Overall I am happy that I read it simply to have experienced a novel by Virginia Woolf and check off another book from the New York Times 100 best books of the 20th Century.


Book Review: a perfect masterpeice
Summary: 5 Stars

for a long time, i like many people, were trully afraid of verginia woolf, she is known as a stream of conciousness abscure and anigmatic writer, and since i don't have a litreture masters dgree i thought i would be lost in her writings. but then i saw "the hours" which led to reading "the hours" which led to reading "mrs. dalloway" and there i was - infront of one of the most notourious novels in modern litrature diving into the first page.

it's not an easy book to read, it's very chalanging, and you have to keep stricked consentarion on who's mind you are listening to, but it's one of the most wonderful and magical books i've ever read.

woolf's style jumps fromthe thought of one person to the other, exploring the inner soul, from high speritual notions about art and life, to the most mudmean experience of smelling a flower or taking care of the chidren, and she sees the same magic of life and living in everything. suddenly, as you get more obsorved in the thought of the ramzies, their childrens and guests, you realize so much about your own life and preseption, she makes you fall in love with her charecters, then hate them looking at them through another person's eyes. and more then that - she makes you switch between diffrent prespectives towared your own life.

in a very short volum, verginia woolf manage ot deeply examin complex topics of relationship within the family, classes in england, death, growing up, war, art and philosophy.

ithough deffenetly one of the more complicated books ever written, i have to say that even as a person that doesn't know that much about litrature, i enjoyed it deeply and i think it is a book anyone who loves readding and life in general, should read.

Book Review: Full of paragraphs of absolute brilliance!
Summary: 5 Stars

In To the Lighthouse, Virginia Woolf accomplishes a feat that every writer hopes to accomplish in his/her lifetime: she creates out of the ordinary humdrum of the daily life of an English family of Ramsay's characters and paragraphs that will ever be part of the best of English writing produced in last century.
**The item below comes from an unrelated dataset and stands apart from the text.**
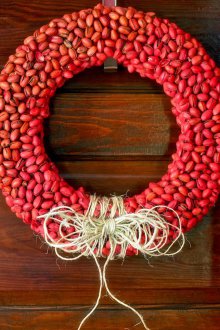 Червен коледен венец на вратата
In my opinion, several paragraphs in this novel are like jewels of English prose, that must be prized, possessed and displayed likewise. Woolf settles for a very subtle narrative, though which she presents innermost thoughts of her characters, especially women, and in the brilliance of her words, romance and life are captured like snapshots labelled thoughtfully and carefully!
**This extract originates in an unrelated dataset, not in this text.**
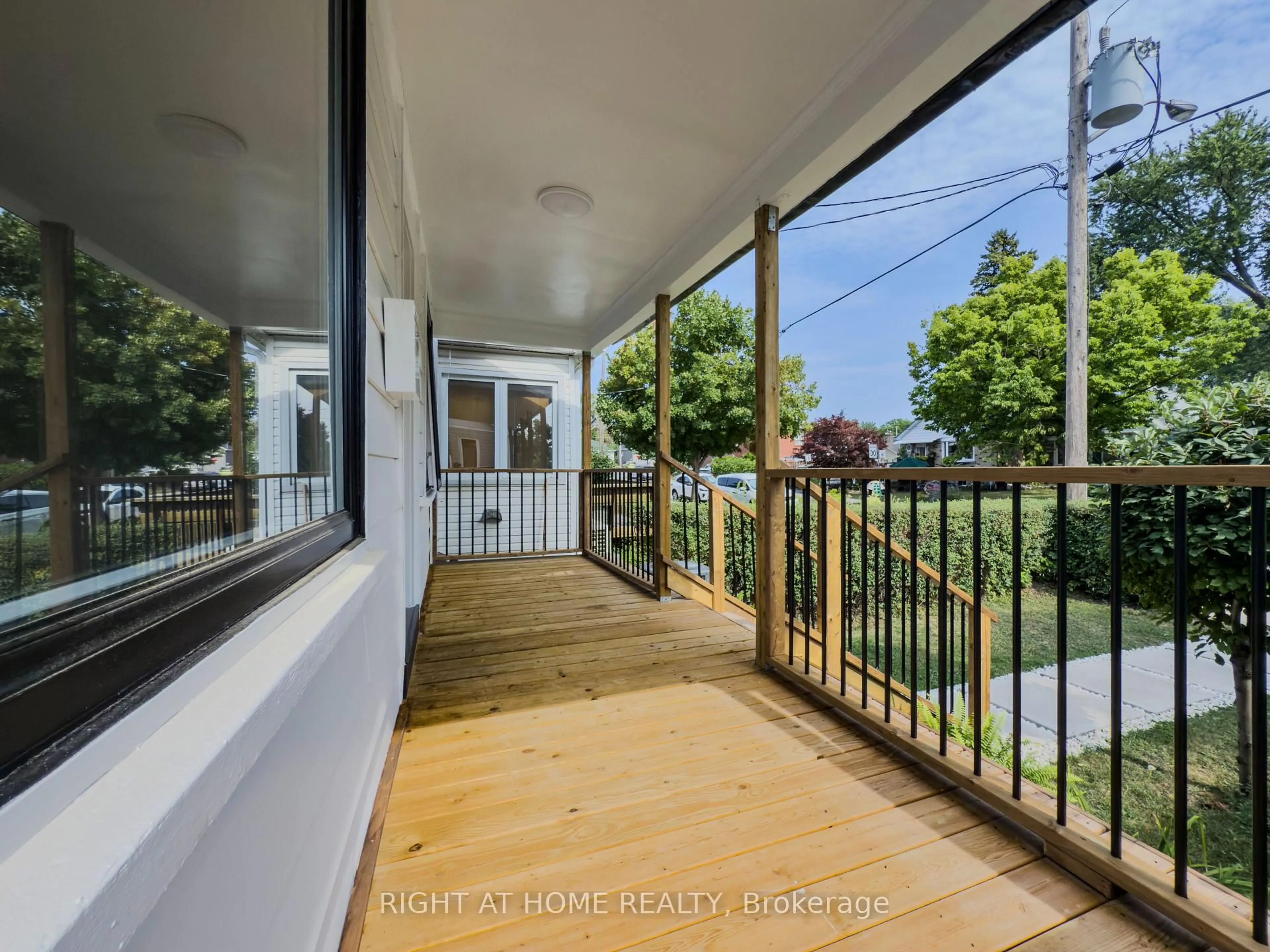 Unknown for 32 Brenton St, Toronto Ontario M4B 1C9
The book is sort of divided into two parts, separated by decades. What was most intoxicating part of the book was the description of this change, as was the description of the nightfall. Be it secret thoughts of women or their admirers, or the doubts and uncertainities of a professor-father or the feelings of children (in both times separated by more than a decade) or the simple description of nature, Woolf shows a talent that must make her as important to twentieth century literature as Joyce and Lawrence. She is in my opinion one of the finest (if not the finest) female novelist to have ever existed! Maybe my hyperbole is uncalled for, but my admiration stems from the deep admiration of an exquisite piece of creative writing! Like every classic, this one must be savored with slow speed; deep thoughts, few pages at a time and remembered by the beauty of the sentences and emotions they capture or arouse; and not by the turn of events or unfolding of drama, which even though interesting, is incidental to this incredible piece of literature!